--- Provided data Enclosed Below ---
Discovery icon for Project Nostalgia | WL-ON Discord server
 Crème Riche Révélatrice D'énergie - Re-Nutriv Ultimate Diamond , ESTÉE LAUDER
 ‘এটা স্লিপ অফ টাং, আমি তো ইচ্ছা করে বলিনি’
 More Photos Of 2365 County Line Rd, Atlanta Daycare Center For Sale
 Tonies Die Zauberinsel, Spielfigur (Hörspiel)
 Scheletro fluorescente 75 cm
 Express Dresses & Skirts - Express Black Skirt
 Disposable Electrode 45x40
--- End of Enclosed Provided data ---
Task instructions >> Write out exactly the lines of the entries above that run from the line containing "Scheletro fluorescente 75 cm" through the last line, including both.

The completed task >>
 Scheletro fluorescente 75 cm
 Express Dresses & Skirts - Express Black Skirt
 Disposable Electrode 45x40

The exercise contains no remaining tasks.